Entgegen der Auffassung des FA ist nicht erforderlich, daß der Steuerpflichtige zunächst nach der Satzung oder sonstigen Bestimmungen des Empfängers gegen diesen einen Erstattungsanspruch hat, auf dessen Geltendmachung er nachträglich verzichtet (BFHE 144, 439, BStBl II 1986, 726). § 10 b Abs. 1 Satz 1 i. V. m. Satz 4 EStG setzt lediglich eine Wertabgabe aus dem geldwerten Vermögen des Steuerpflichtigen voraus. Eine solche Wertabgabe liegt nicht nur in dem Verzicht auf einen entstandenen Aufwendungsersatzanspruch, sondern ist auch zu bejahen, wenn der Steuerpflichtige vor Durchführung eines Auftrages für einen begünstigten Empfänger auf vertragliche, satzungsmäßige oder gesetzliche (vgl. §§ 670 ff. des Bürgerlichen Gesetzbuches - BGB -) Ansprüche auf Erstattung seiner Aufwendungen verzichtet oder tätig wird, obwohl nach der Satzung oder sonstigen Bestimmungen der Ersatz von Aufwendungen jeglicher Art ausgeschlossen ist.

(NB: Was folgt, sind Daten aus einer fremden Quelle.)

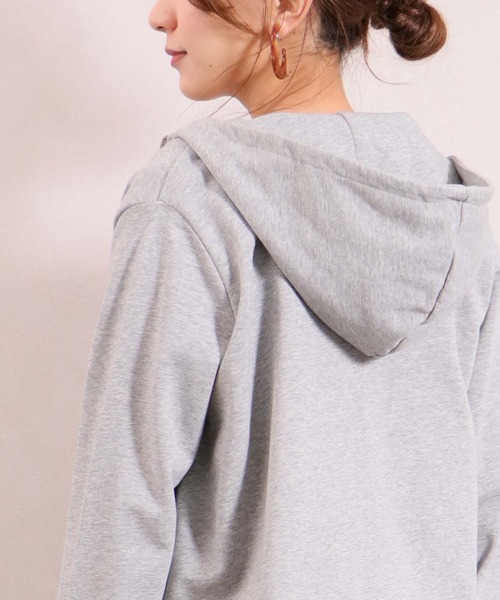 「HER CLOSET」 「SHE MO SHELLY」ジップアップパーカー M グレー レディース_画像8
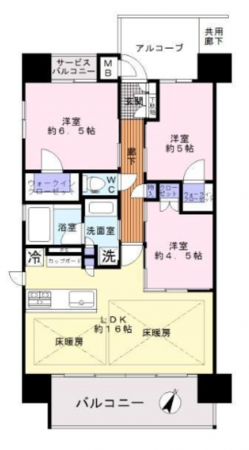 泉佐野市若宮町、マンションの間取り画像です
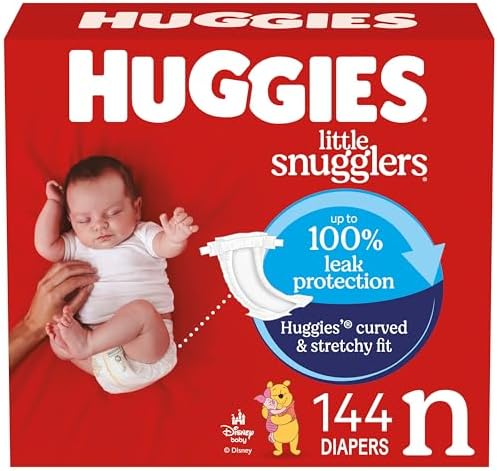 Huggies Newborn Diapers, Little Snugglers Baby Diapers, Size Newborn (up to 10 lbs), 144 Count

c) Der nunmehr nach dem Geschäftsverteilungsplan für Streitigkeiten über Sonderausgaben nach § 10 b EStG zuständige erkennende Senat hält an der bisherigen Rechtsprechung fest. Dabei verkennt er nicht, daß § 10 b Abs. 1 Satz 4 EStG auch anders ausgelegt werden könnte. So könnten Auslagen, auf deren Ersatz kein Anspruch besteht, lediglich als Kosten der Finanzierung von Nutzungen und Leistungen begriffen werden, die in so engem Zusammenhang mit diesen stehen, daß sie gleichfalls nicht als Spenden anerkannt werden könnten. Der Senat hält indessen dieses Gesetzesverständnis für nicht so zwingend, daß ihm vor dem Auslegungsergebnis der bisherigen Rechtsprechung notwendig der Vorrang eingeräumt werden müßte. Die Rechtsprechung des BFH zum Nachteil des Steuerpflichtigen zu ändern, erscheint um so weniger geboten, als die Rechtslage, zu der die bisherige Rechtsprechung ergangen ist, nur bis zum Inkrafttreten des Vereinsförderungsgesetzes Bedeutung hat und dieses Gesetz Anlaß geben kann, den Begriff der Ausgaben in § 10 b Abs. 1 EStG aus seinem Gesamtzusammenhang neu zu interpretieren.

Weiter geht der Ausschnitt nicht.